*Problem to solve*
I'd like the data beneath this line reproduced exactly, without any of its images.

——————————

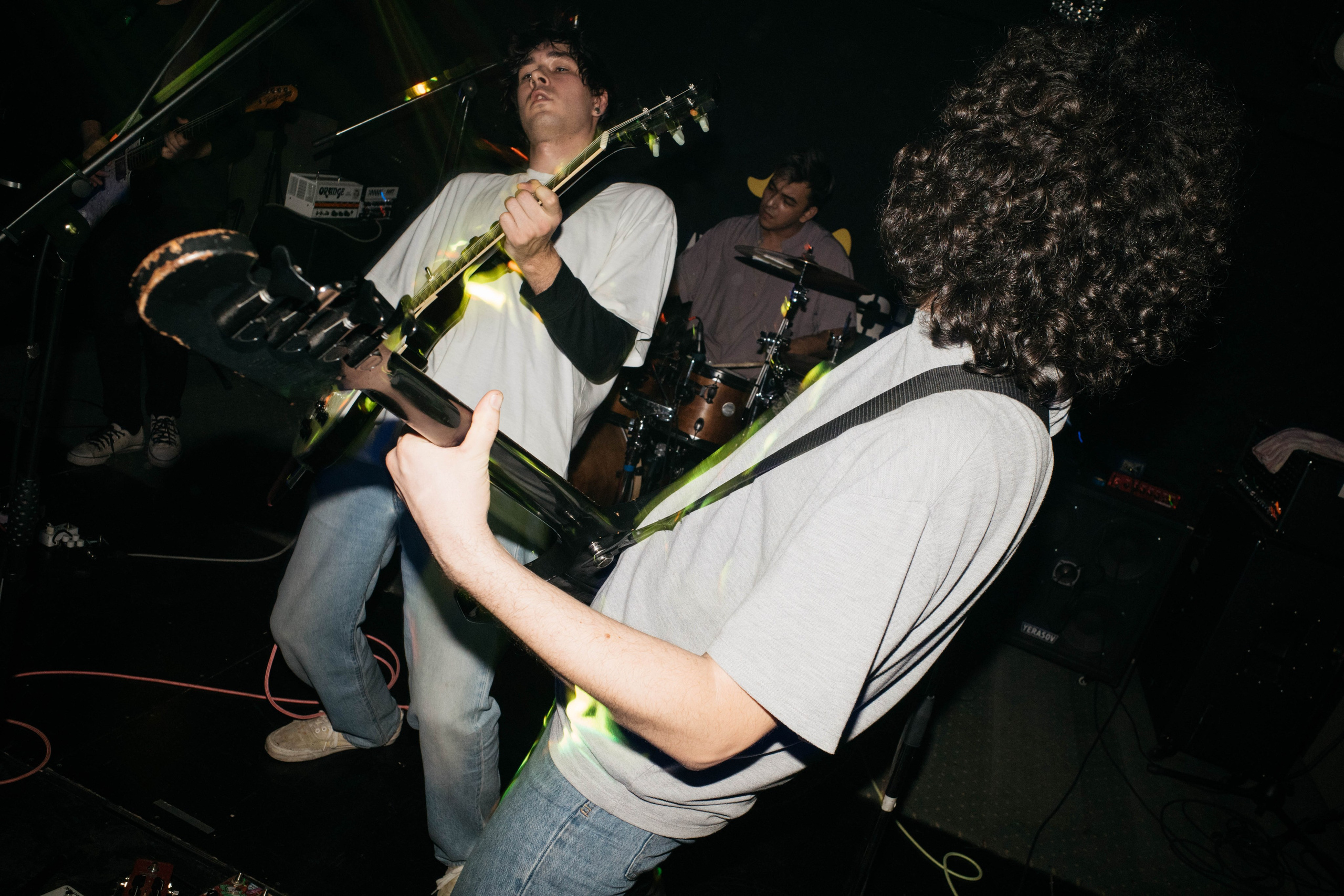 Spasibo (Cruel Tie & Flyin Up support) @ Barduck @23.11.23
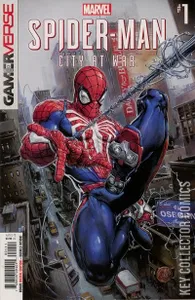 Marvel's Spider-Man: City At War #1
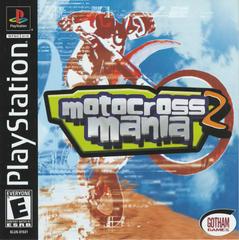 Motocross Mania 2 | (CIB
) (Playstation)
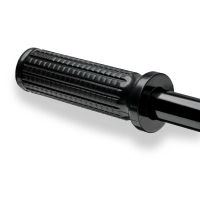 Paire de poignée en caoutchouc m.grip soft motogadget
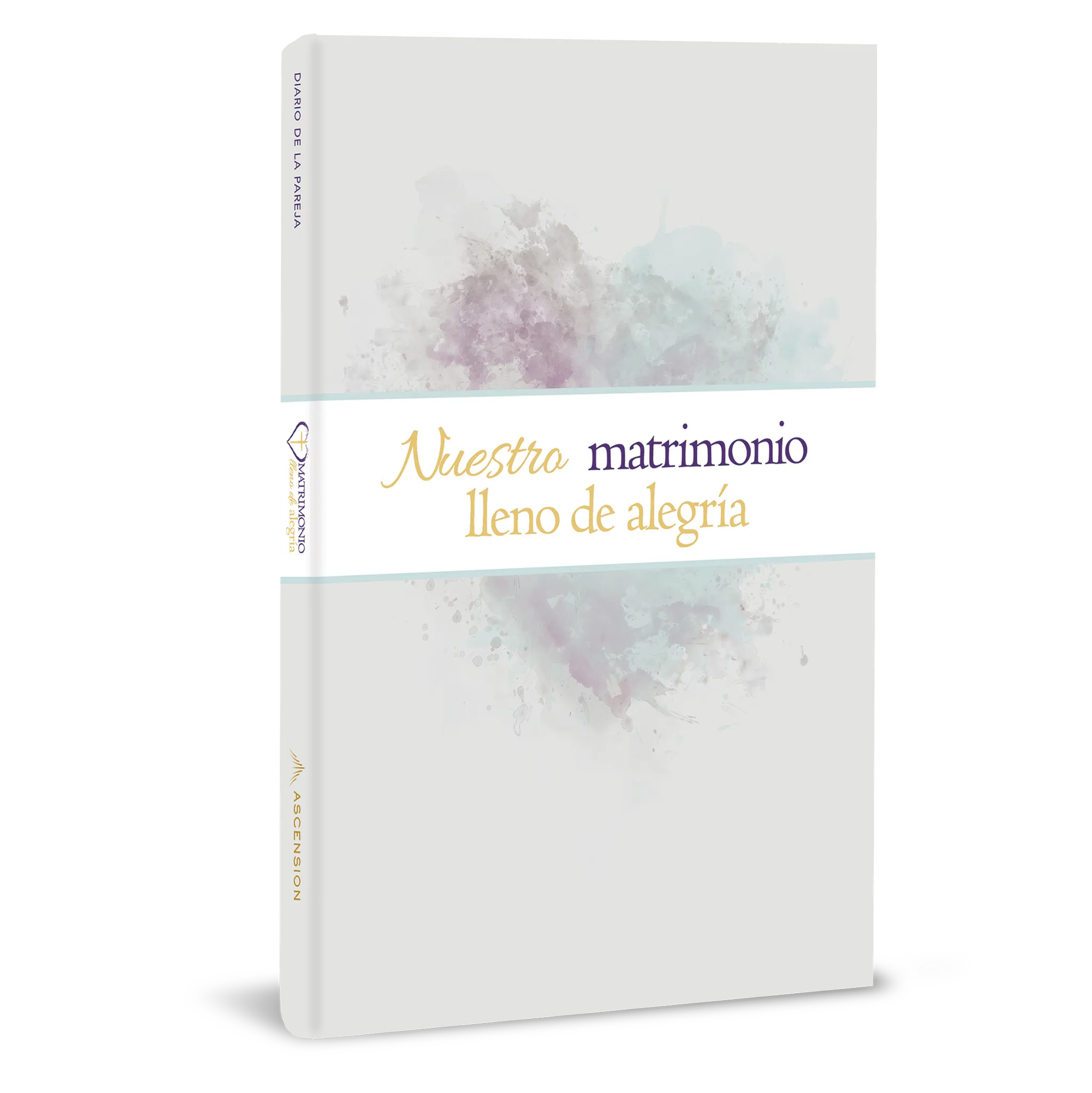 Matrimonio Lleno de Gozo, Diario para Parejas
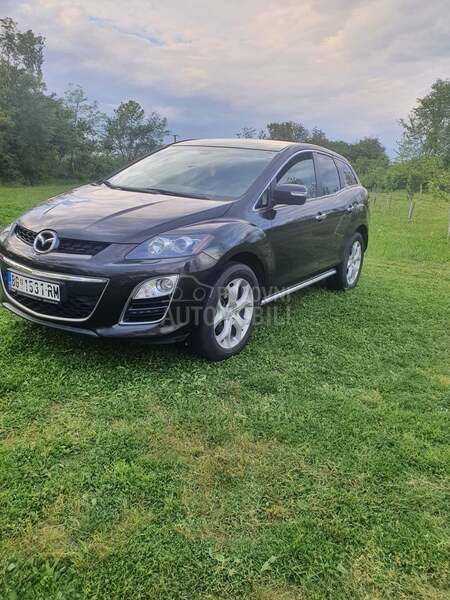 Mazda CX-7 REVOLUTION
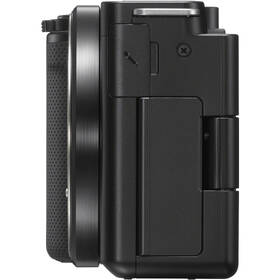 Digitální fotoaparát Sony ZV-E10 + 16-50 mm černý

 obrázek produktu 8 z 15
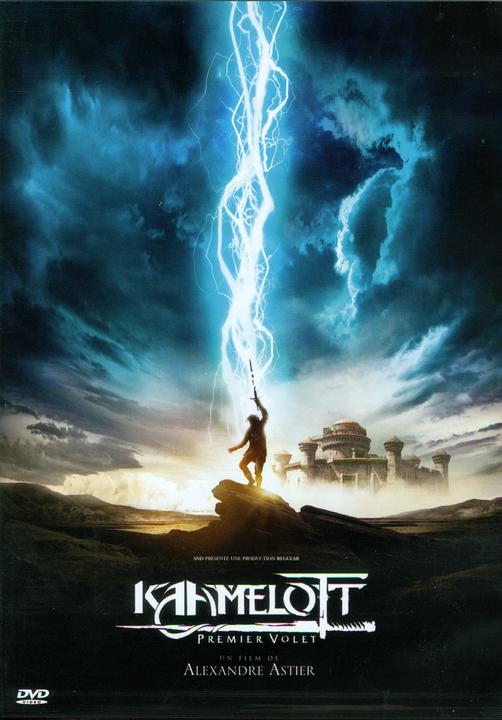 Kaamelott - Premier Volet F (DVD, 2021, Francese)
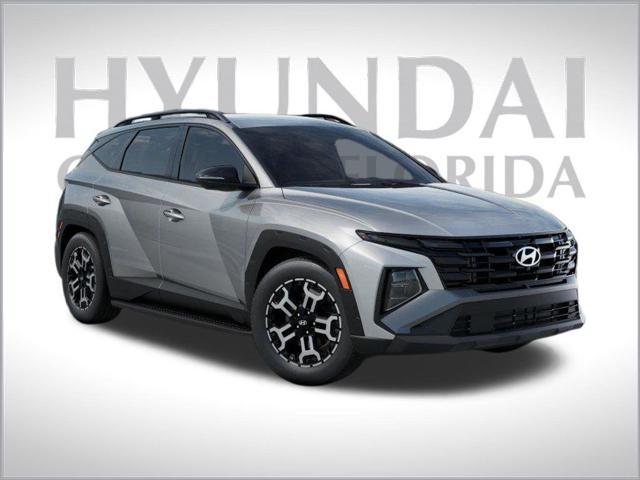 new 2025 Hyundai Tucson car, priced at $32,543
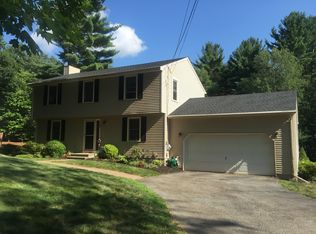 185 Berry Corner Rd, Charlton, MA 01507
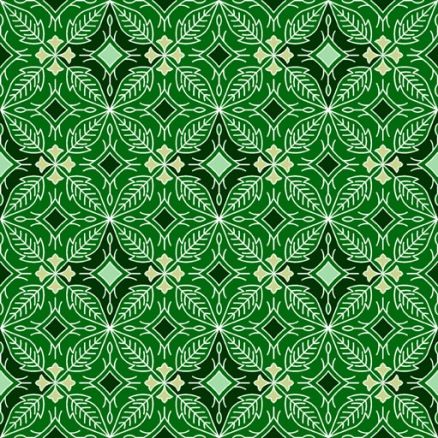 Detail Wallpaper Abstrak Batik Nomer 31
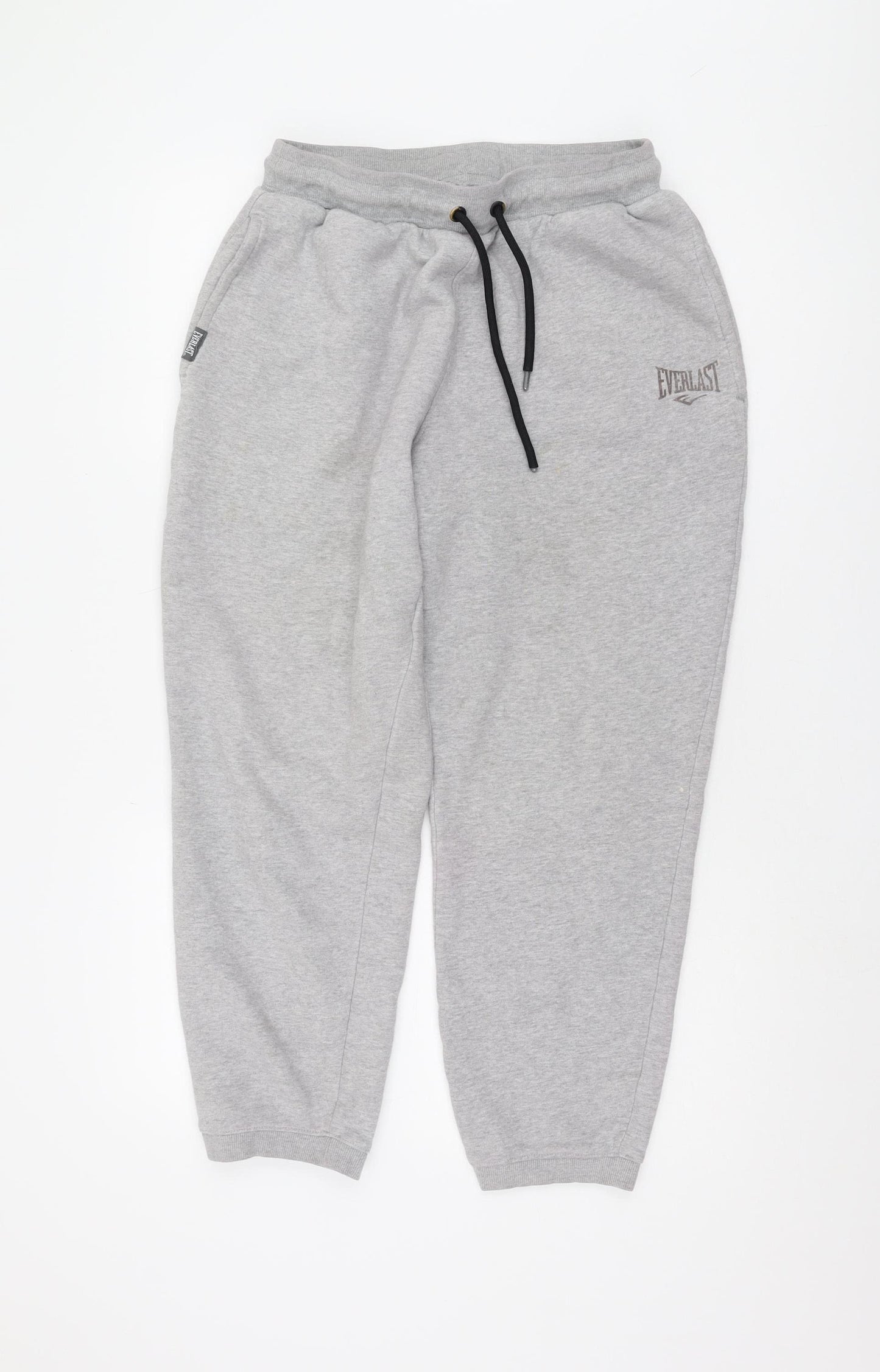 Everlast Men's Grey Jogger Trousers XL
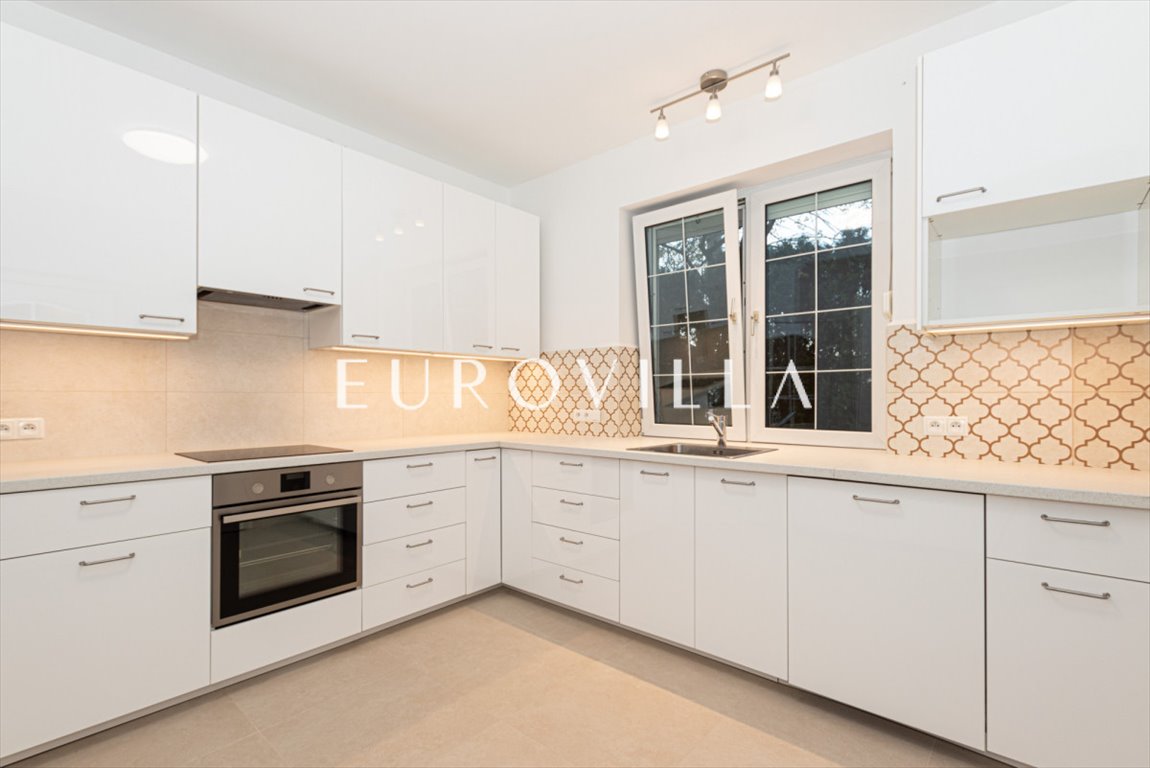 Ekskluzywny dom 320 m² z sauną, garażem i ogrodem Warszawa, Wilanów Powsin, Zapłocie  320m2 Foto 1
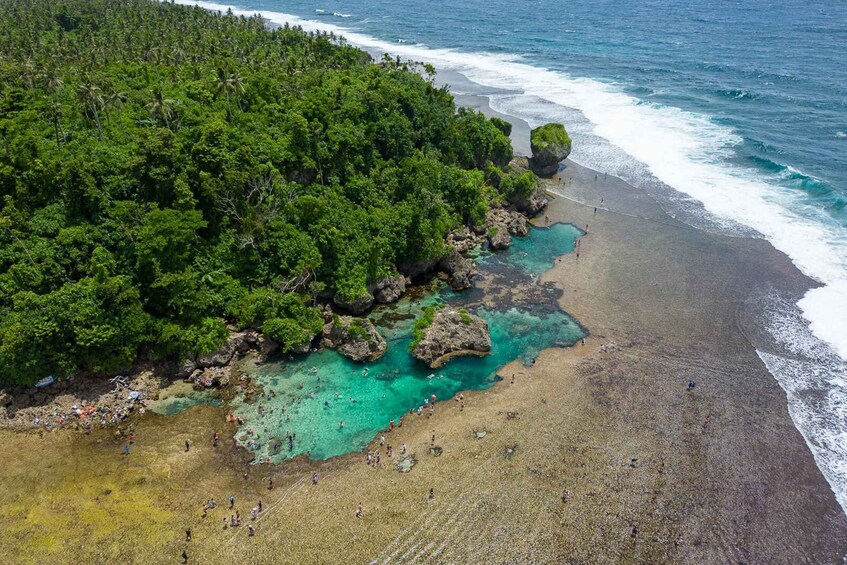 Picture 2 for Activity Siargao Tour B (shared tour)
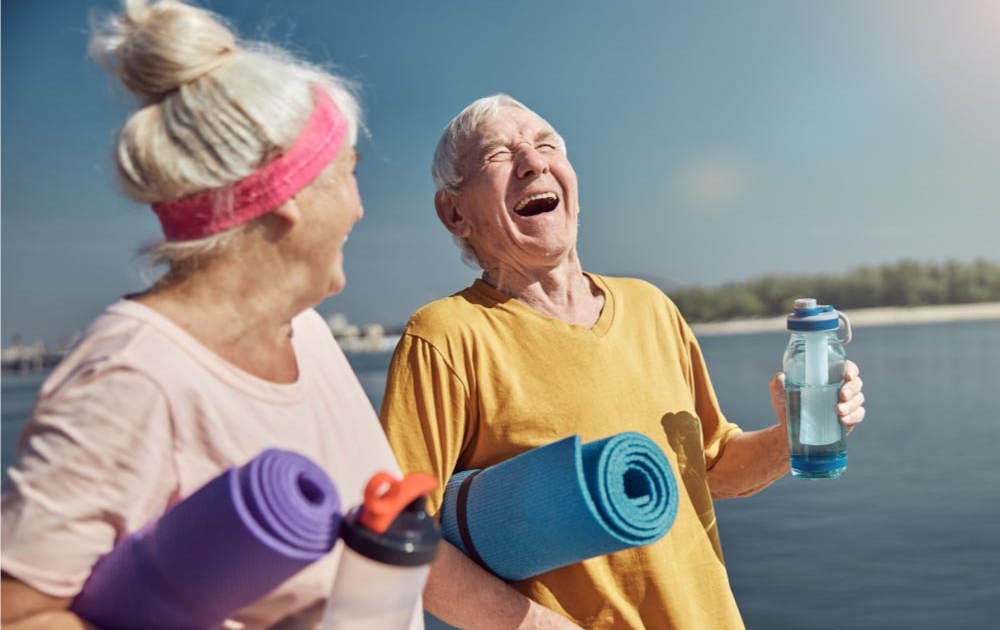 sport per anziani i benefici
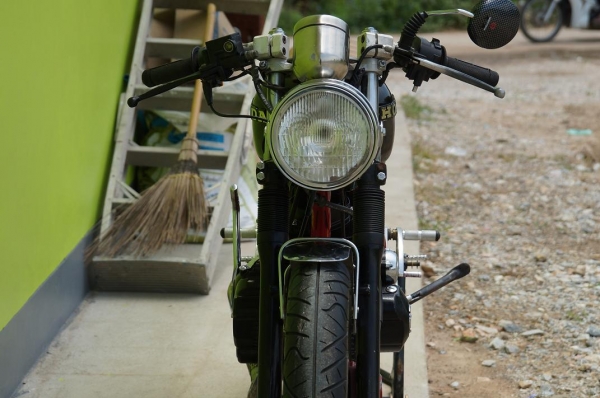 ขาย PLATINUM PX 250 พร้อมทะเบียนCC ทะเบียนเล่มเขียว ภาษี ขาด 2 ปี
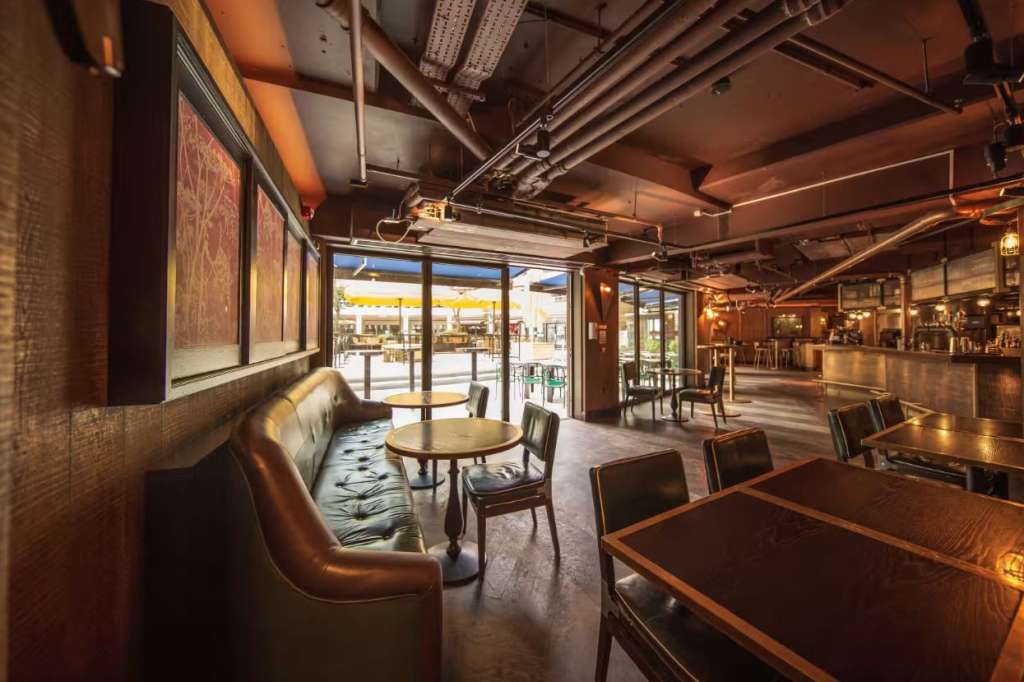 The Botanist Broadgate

——————————

*Response for this exercise*
 Spasibo (Cruel Tie & Flyin Up support) @ Barduck @23.11.23
 Marvel's Spider-Man: City At War #1
 Motocross Mania 2 | (CIB
) (Playstation)
 Paire de poignée en caoutchouc m.grip soft motogadget
 Matrimonio Lleno de Gozo, Diario para Parejas
 Mazda CX-7 REVOLUTION
 Digitální fotoaparát Sony ZV-E10 + 16-50 mm černý

 obrázek produktu 8 z 15
 Kaamelott - Premier Volet F (DVD, 2021, Francese)
 new 2025 Hyundai Tucson car, priced at $32,543
 185 Berry Corner Rd, Charlton, MA 01507
 Detail Wallpaper Abstrak Batik Nomer 31
 Everlast Men's Grey Jogger Trousers XL
 Ekskluzywny dom 320 m² z sauną, garażem i ogrodem Warszawa, Wilanów Powsin, Zapłocie  320m2 Foto 1
 Picture 2 for Activity Siargao Tour B (shared tour)
 sport per anziani i benefici
 ขาย PLATINUM PX 250 พร้อมทะเบียนCC ทะเบียนเล่มเขียว ภาษี ขาด 2 ปี
 The Botanist Broadgate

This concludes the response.